A political blog from a High Tory perspective by Matthew Groves
Monday, 12 August 2013
Defending the Institution of Marriage (Originally published on Respublica's Disraeli Room on 18th December 2012)
To the political class redefining marriage to include same-sex unions is a straightforward matter of furthering the progressive-equality agenda - they are deaf to any contrary arguments. The issue is however worthy of debate, even if debate slows down the politicians’ goal of changing marriage. Indeed, many politicians (though not all) acknowledge the importance of marriage as a cornerstone of society.
The Government consultation presumed that same-sex marriage should be implemented and that the only acceptable discussion was how to go about delivering this, rather than whether this change should take place. Nonetheless, despite the Government’s attempt to restrict debate (leading to some Conservative backbenchers calling the consultation a ‘sham’), the Church of England’s response to the consultation helpfully sets out the case against redefining marriage.

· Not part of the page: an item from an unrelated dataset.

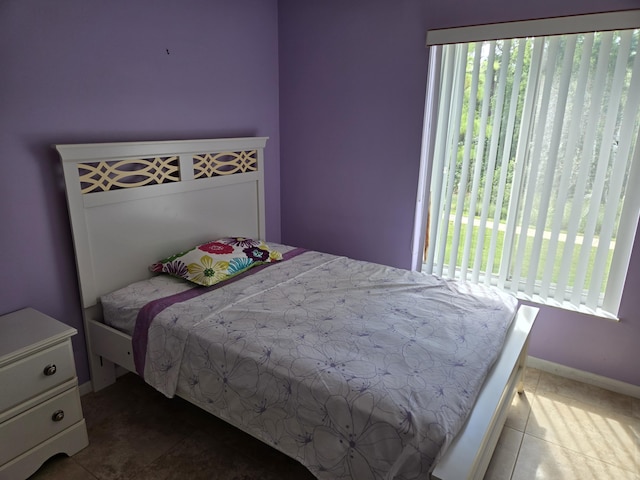 bedroom featuring tile patterned flooring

Marriage is the institution through which society addresses the difference between the sexes and brings about the benefit of that complementarity. Referring to the Book of Common Prayer, which follows Scripture, three virtues can be identified that are promoted by marriage: mutuality, fidelity and complementarity. The third of these virtues holds the potential to lead to fruitfulness. The purpose of marriage is then to bring the two sexes into complementarity, with the high possibility of children being conceived and brought up in that stable framework.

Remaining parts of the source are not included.